Подобная мысль, казалось, претила мистеру Верлоку. Он угрюмо покачал головой и уставился на лежащий перед ним на тарелке кусок сыра, целую минуту оцепенело созерцал его, потом поднялся и вышел, продребезжав колокольчиком. Он поступил непоследовательно, но в этой непоследовательности не было грубости — им просто владело неодолимое беспокойство. Не было ни малейшего смысла куда-то идти. Нигде в Лондоне он не нашел бы то, что ему нужно. Но тем не менее вышел. Вереницу мрачных мыслей он повел за собою по темным и по освещенным улицам, завел их в пару притонов, словно прикидывая, не стоит ли напиться, и наконец вернулся вместе с ними в свой оказавшийся под угрозой дом, где сам устало сел за прилавок, а мысли тут же столпились вокруг, как стая голодных черных гончих. Заперев двери и потушив газ, он повел их с собою наверх — для человека, собравшегося лечь в постель, это были невеселые спутники. Его жена уже легла. Ее пышные формы, смутно вырисовывавшиеся под одеялом, голова, лежащая на подушке, подложенная под щеку рука предстали пред его смятенною душой как образ ранней сонливости, свидетельствующей об уравновешенности характера. Ее большие, темные на фоне снежной белизны белья глаза были широко открыты, взгляд был лишен выражения. Она не шевелилась.
У нее действительно был уравновешенный характер. Она глубоко чувствовала, что ни во что не стоит слишком пристально вглядываться. Этот инстинкт стал ее силой и ее мудростью.
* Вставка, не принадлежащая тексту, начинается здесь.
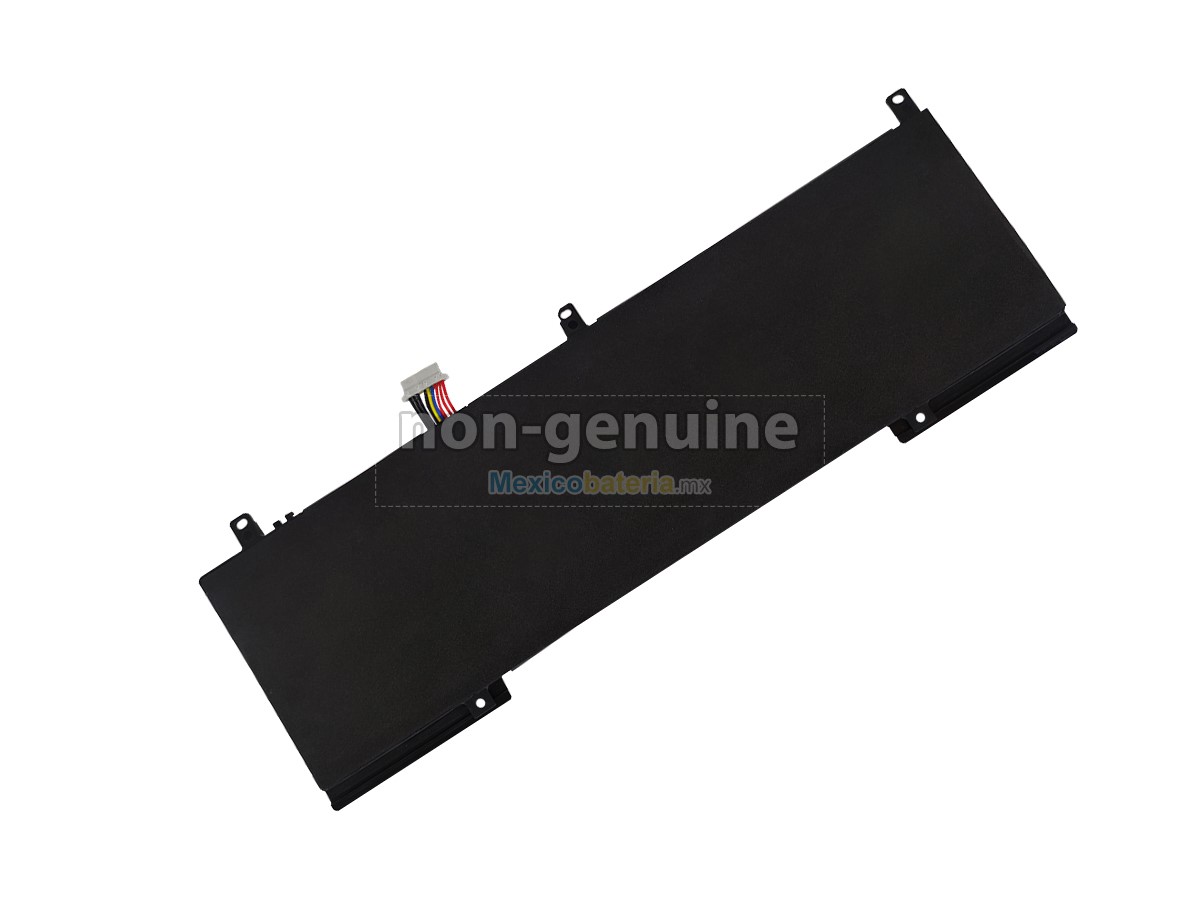 batería IPASONS 537077-3S-1 de alta calidad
Но молчаливость мистера Верлока вот уже много дней вызывала у нее тягостное ощущение. Откровенно говоря, она действовала ей на нервы. Не пошевелившись, она произнесла ровным тоном:
— Ты простудишься, если будешь ходить в одних носках.
Это высказывание, подобающее заботливой жене и благоразумной женщине, застало мистера Верлока врасплох. Он оставил ботинки внизу, но забыл надеть домашние туфли и теперь бесшумно, мягкими лапами, как медведь по клетке, бродил по спальне. Услышав голос жены, он остановился и уставился на нее сомнамбулическим, ничего не выражающим взглядом; это продолжалось так долго, что миссис Верлок слегка заерзала под одеялом. Впрочем, ее темноволосая голова на белой подушке и рука, подложенная под щеку, оставались неподвижны; большие темные глаза не мигали.
Под ничего не выражающим взглядом мужа, вспомнив об опустевшей комнате матери по другую сторону от лестницы, она остро ощутила тоску одиночества. Никогда прежде она не расставалась с матерью. Они были нужны друг другу — она всегда это чувствовала. И вот теперь, сказала она себе, мать ушла — ушла навсегда. Миссис Верлок не питала иллюзий. Правда, оставался Стиви. И она сказала:
— Мама сделала то, что хотела сделать. Смысла в этом, по-моему, нету никакого. Уверена, ей не могло прийти в голову, что она тебе надоела. Нехорошо было так поступать с нами.